(Stored dataset items)
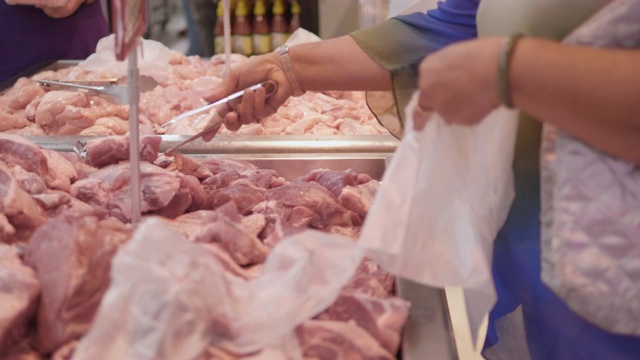 女人选择在超市买鸡肉、猪肉。视频素材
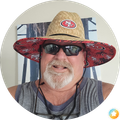 Man wearing a red San Francisco 49ers sun hat, black sunglasses, and a sleeveless gray shirt, smiling indoors
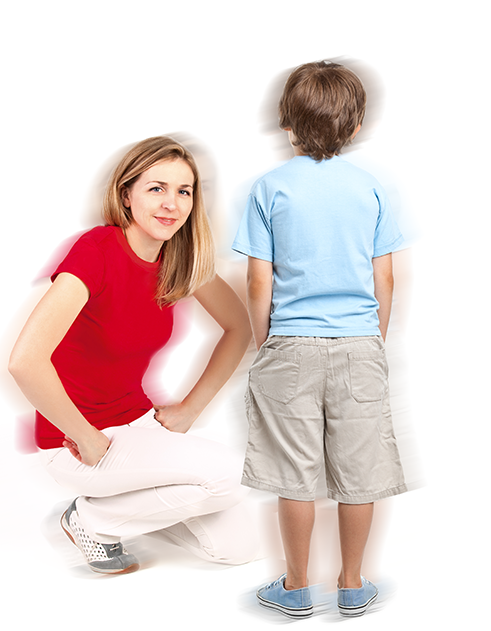 Woman kneeling in front of a young boy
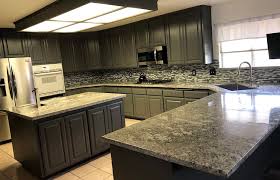 Laminate and tile flooring throughout the home for easy care. T L Granite Countertop Warehouse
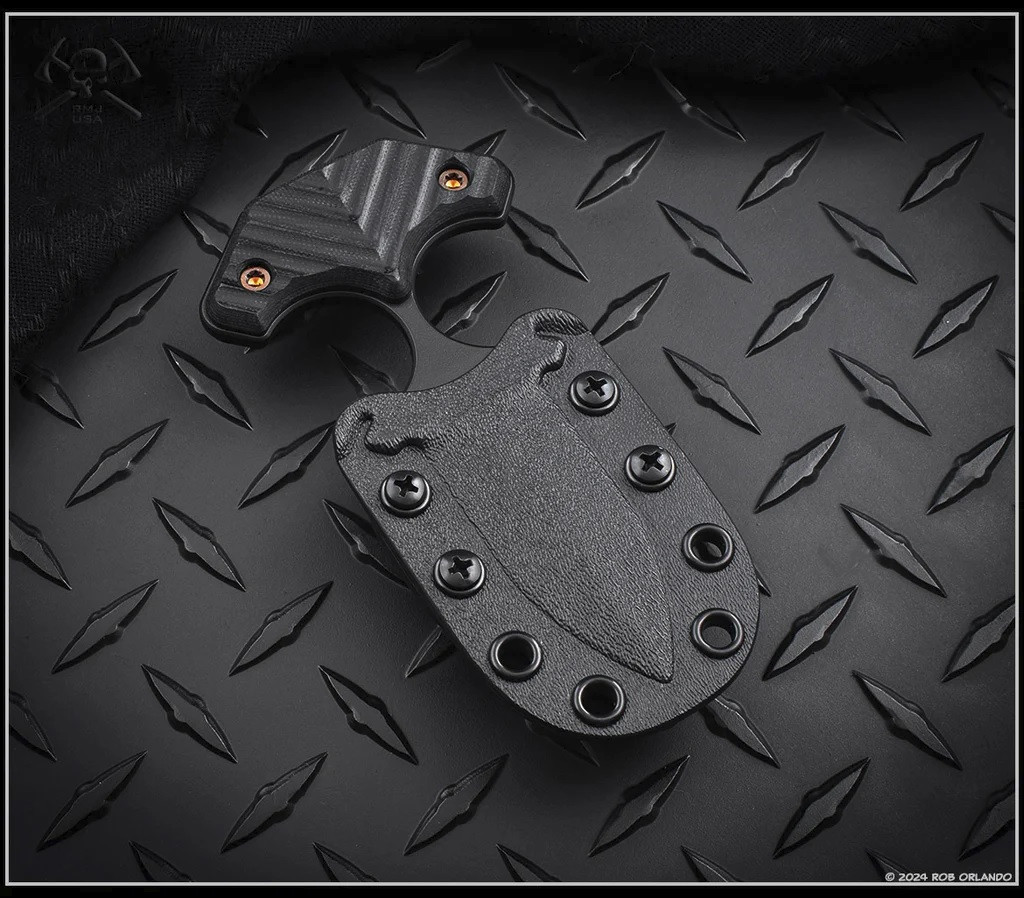 RMJ Tactical BUB Back Up Blade fixed blade knife - shown in sheath obverse.  Graphite Black Cerakote MagnaCut stainless steel plain double edge blade.  Black G-10 handle.  Model K-BUB-MC-GB-BK.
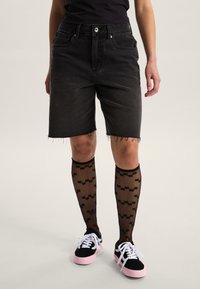 Pantalones cortos de mezclilla negra con dobladillo deshilachado, combinados con medias negras transparentes hasta la rodilla con un patrón geométrico y zapatillas negras y rosas.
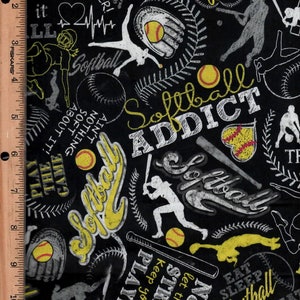 May include: Black and white fabric with a repeating pattern of yellow softball-themed illustrations. The fabric features the words "Softball Addict", "Eat Sleep Softball Repeat", "Never let the fear of striking keep you from playing the game", and "Ain't nothing soft about it".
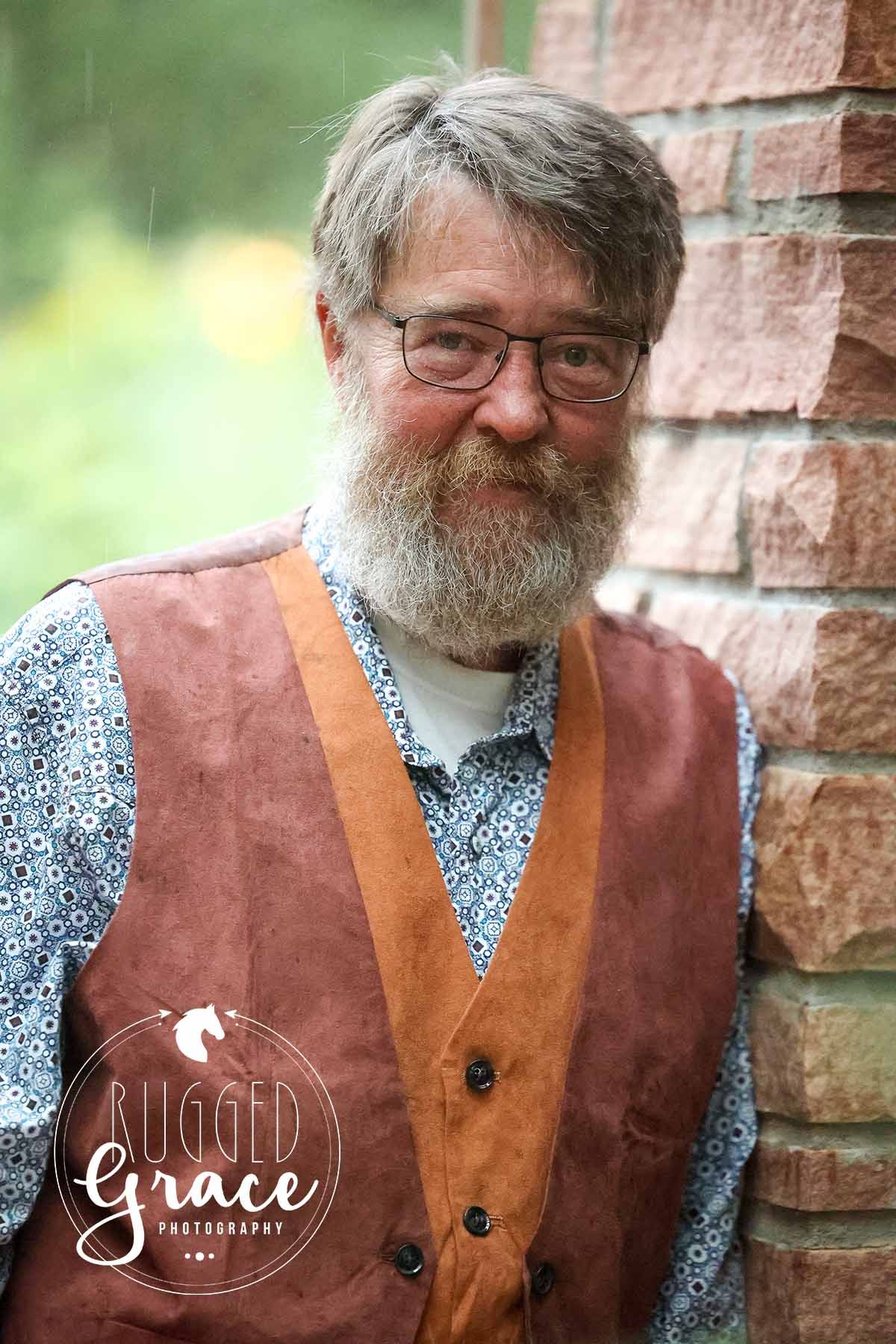 Portrait series showing someone in a leather vest and patterned shirt against a brick wall.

Exercise description: Word for word, set down each record shown above, omitting the pictures.

Task output:
 女人选择在超市买鸡肉、猪肉。视频素材
 Man wearing a red San Francisco 49ers sun hat, black sunglasses, and a sleeveless gray shirt, smiling indoors
 Woman kneeling in front of a young boy
 Laminate and tile flooring throughout the home for easy care. T L Granite Countertop Warehouse
 RMJ Tactical BUB Back Up Blade fixed blade knife - shown in sheath obverse.  Graphite Black Cerakote MagnaCut stainless steel plain double edge blade.  Black G-10 handle.  Model K-BUB-MC-GB-BK.
 Pantalones cortos de mezclilla negra con dobladillo deshilachado, combinados con medias negras transparentes hasta la rodilla con un patrón geométrico y zapatillas negras y rosas.
 May include: Black and white fabric with a repeating pattern of yellow softball-themed illustrations. The fabric features the words "Softball Addict", "Eat Sleep Softball Repeat", "Never let the fear of striking keep you from playing the game", and "Ain't nothing soft about it".
 Portrait series showing someone in a leather vest and patterned shirt against a brick wall.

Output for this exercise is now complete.